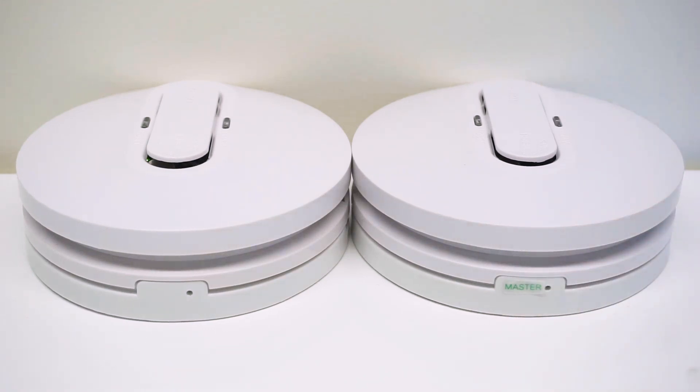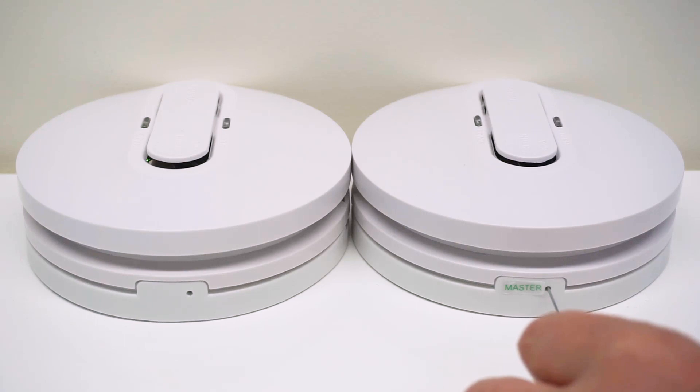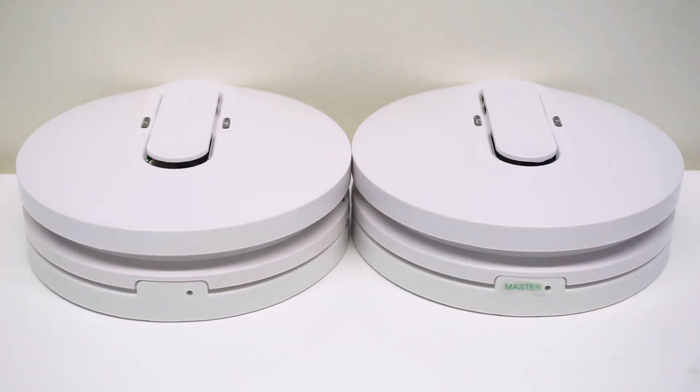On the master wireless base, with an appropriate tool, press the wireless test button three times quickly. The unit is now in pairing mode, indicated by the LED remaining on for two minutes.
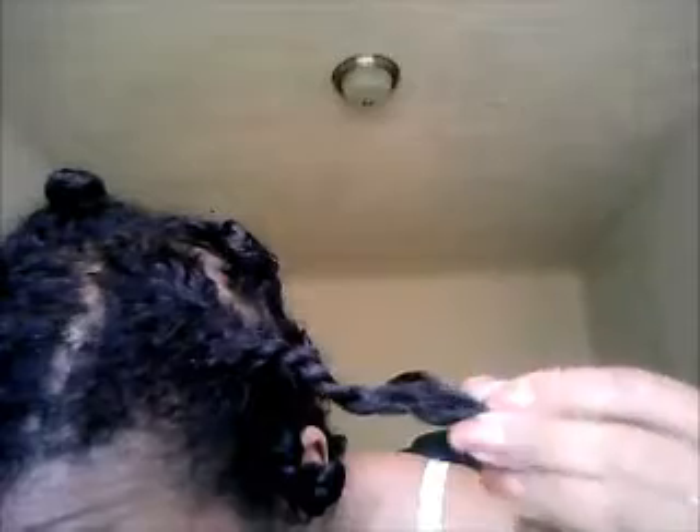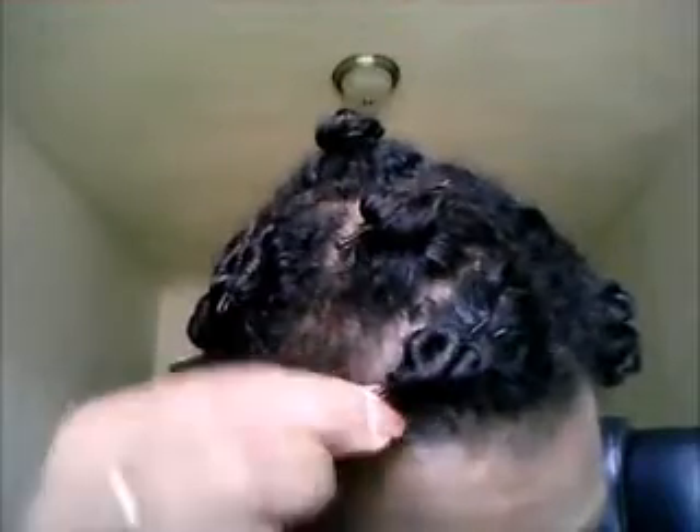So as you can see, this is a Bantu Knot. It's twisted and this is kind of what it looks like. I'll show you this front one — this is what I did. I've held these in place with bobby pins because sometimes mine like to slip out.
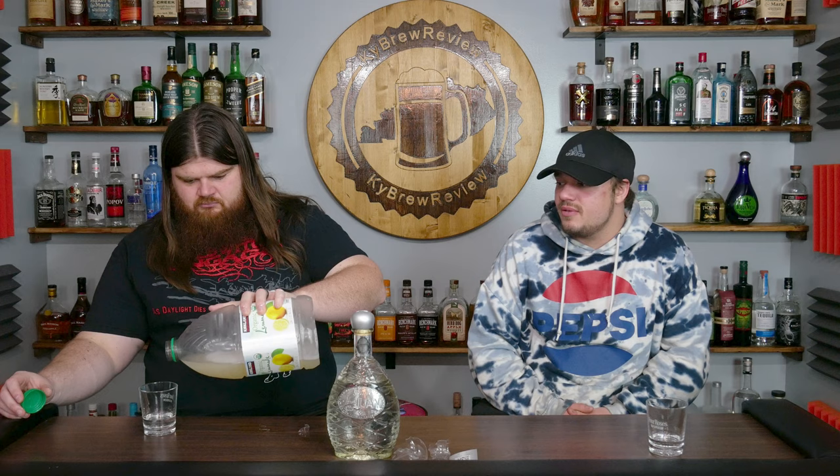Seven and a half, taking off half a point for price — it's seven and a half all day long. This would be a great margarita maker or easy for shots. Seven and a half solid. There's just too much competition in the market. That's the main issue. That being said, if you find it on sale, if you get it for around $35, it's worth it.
◆ ◆ ◆ ◆
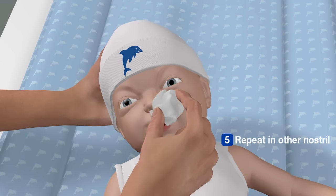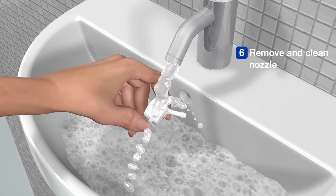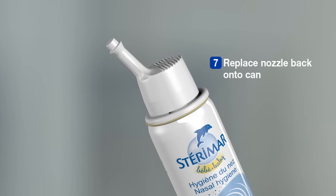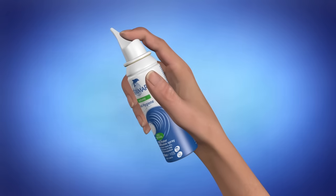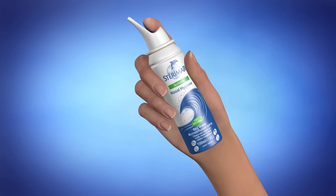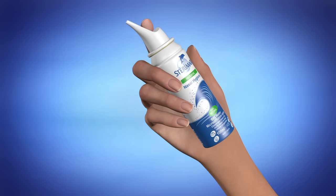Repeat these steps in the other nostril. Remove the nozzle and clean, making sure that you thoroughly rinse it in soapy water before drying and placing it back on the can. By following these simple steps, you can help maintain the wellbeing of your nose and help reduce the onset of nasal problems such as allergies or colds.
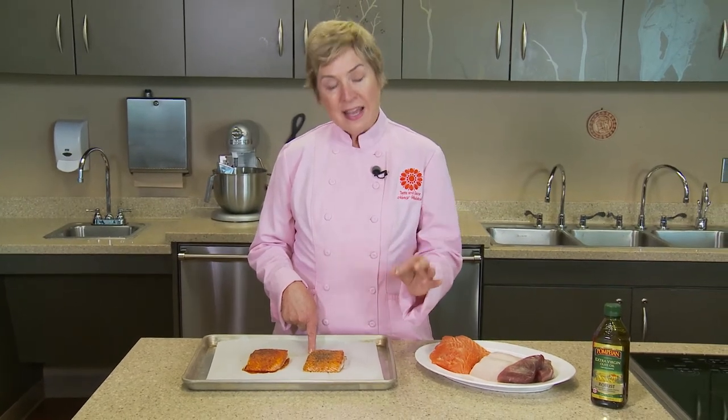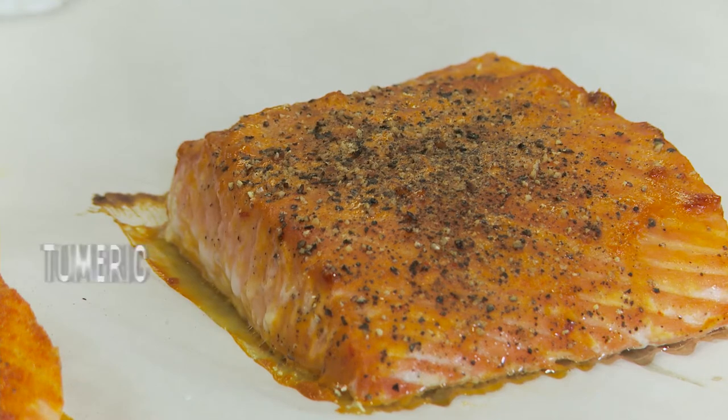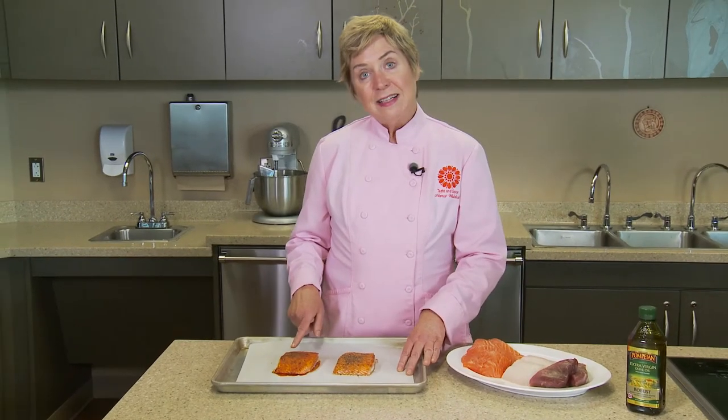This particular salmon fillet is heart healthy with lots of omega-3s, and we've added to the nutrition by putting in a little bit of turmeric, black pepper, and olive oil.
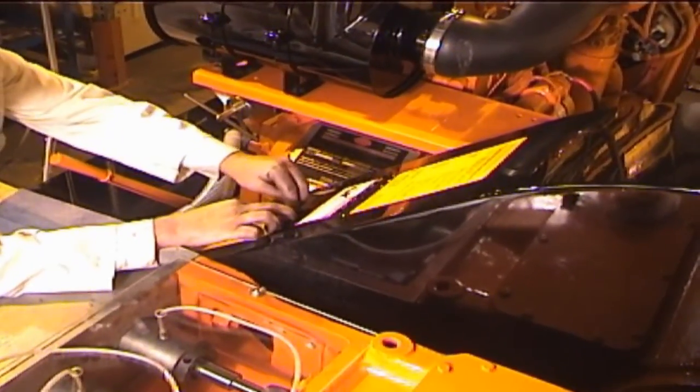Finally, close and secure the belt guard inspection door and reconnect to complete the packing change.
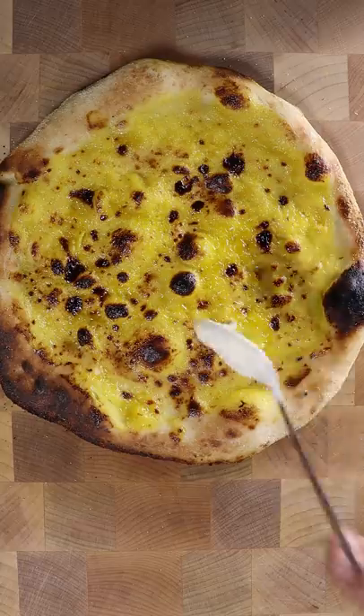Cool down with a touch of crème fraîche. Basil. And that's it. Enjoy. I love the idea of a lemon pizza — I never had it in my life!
◆ ◆ ◆ ◆
Problem details: Would you please reproduce the entries above, starting at the line with "On the master" and stopping after the line with "Seven and a half, taking"? Omit any pictures.

Result below:
On the master wireless base, with an appropriate tool, press the wireless test button three times quickly. The unit is now in pairing mode, indicated by the LED remaining on for two minutes.
So as you can see, this is a Bantu Knot. It's twisted and this is kind of what it looks like. I'll show you this front one — this is what I did. I've held these in place with bobby pins because sometimes mine like to slip out.
Seven and a half, taking off half a point for price — it's seven and a half all day long. This would be a great margarita maker or easy for shots. Seven and a half solid. There's just too much competition in the market. That's the main issue. That being said, if you find it on sale, if you get it for around $35, it's worth it.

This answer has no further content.